◆ Brief: Among the entries below, extract exactly the lines that run from the one with "Wind in the Willows competition" through the one with "บริการและสิ่งอำนวยความสะดวก, AkomodaT en", both ends included.

◆ Data for this task:

^^^^^^^^

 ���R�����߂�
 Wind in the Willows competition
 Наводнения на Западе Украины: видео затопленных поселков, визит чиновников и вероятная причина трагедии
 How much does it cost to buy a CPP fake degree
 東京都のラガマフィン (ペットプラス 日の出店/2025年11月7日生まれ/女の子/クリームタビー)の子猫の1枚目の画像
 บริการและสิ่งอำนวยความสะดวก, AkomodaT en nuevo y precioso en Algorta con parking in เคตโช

^^^^^^^^

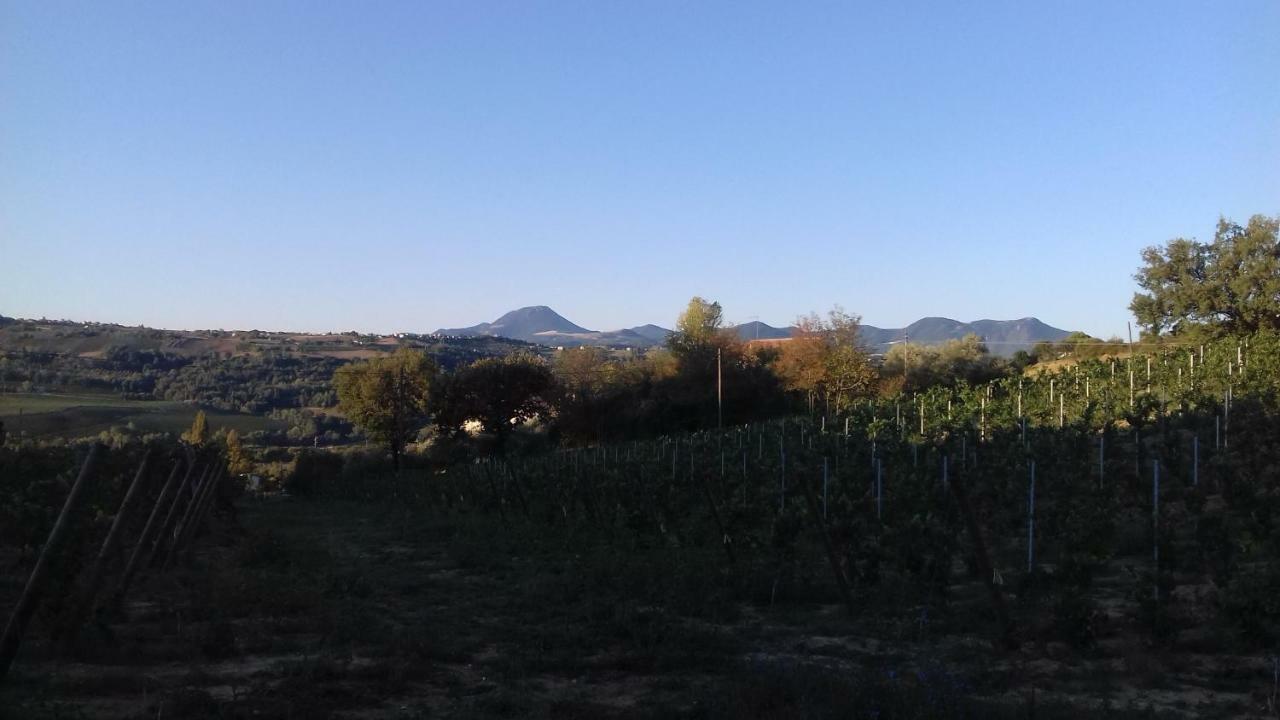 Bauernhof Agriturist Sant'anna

^^^^^^^^

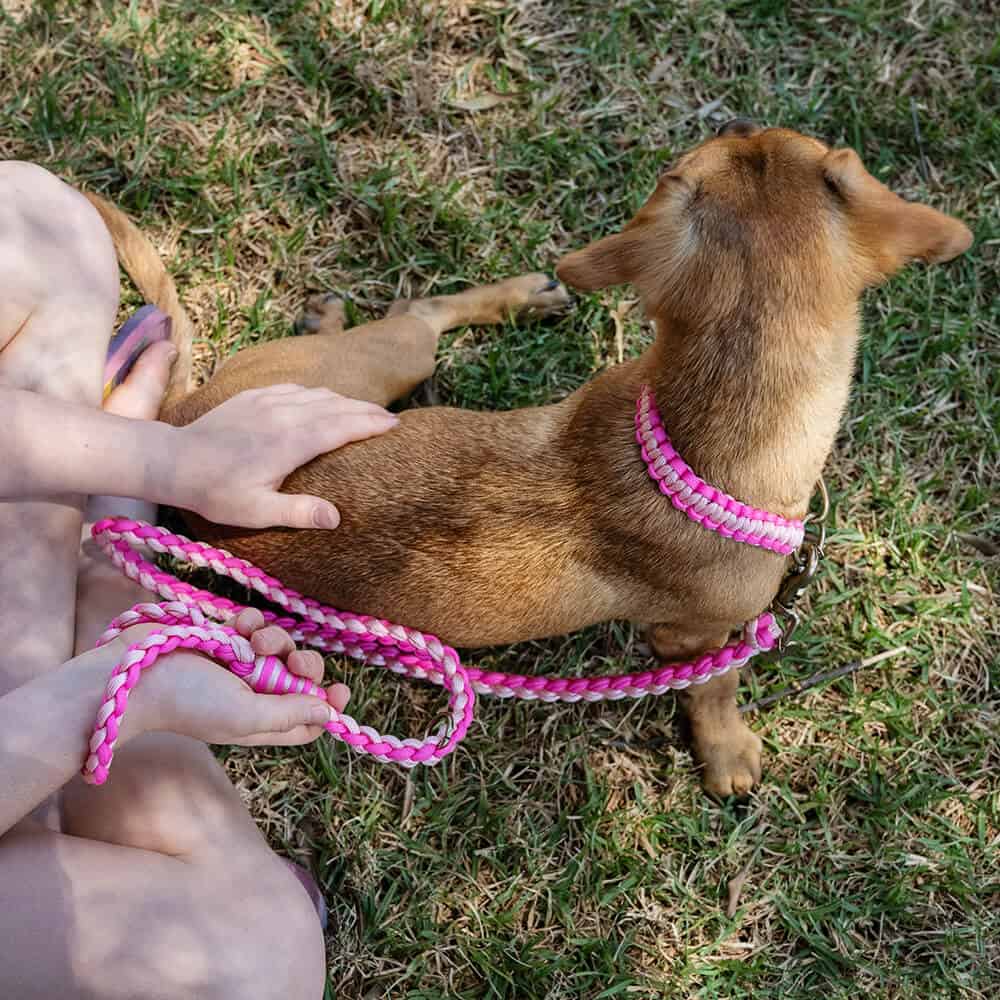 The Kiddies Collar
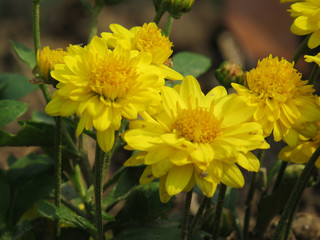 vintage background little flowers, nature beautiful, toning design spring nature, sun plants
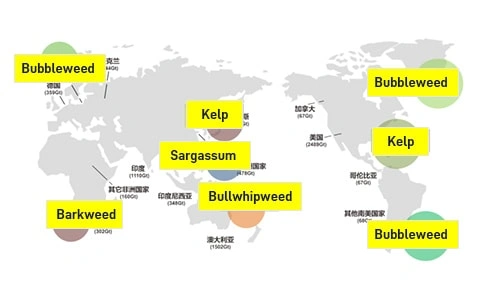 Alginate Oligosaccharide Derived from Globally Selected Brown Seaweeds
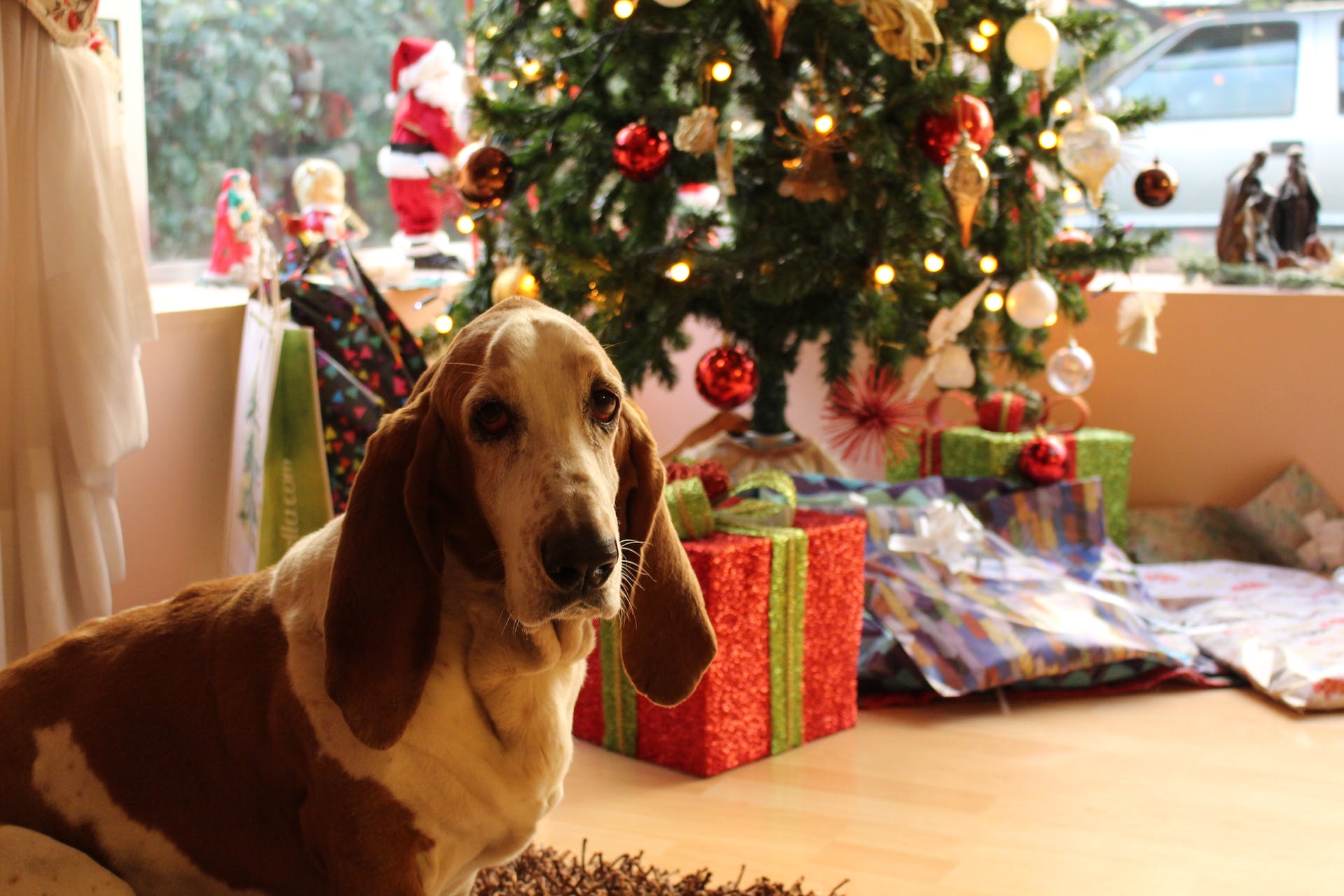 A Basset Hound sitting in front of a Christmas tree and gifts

^^^^^^^^

◆ Solution to the problem:
 Wind in the Willows competition
 Наводнения на Западе Украины: видео затопленных поселков, визит чиновников и вероятная причина трагедии
 How much does it cost to buy a CPP fake degree
 東京都のラガマフィン (ペットプラス 日の出店/2025年11月7日生まれ/女の子/クリームタビー)の子猫の1枚目の画像
 บริการและสิ่งอำนวยความสะดวก, AkomodaT en nuevo y precioso en Algorta con parking in เคตโช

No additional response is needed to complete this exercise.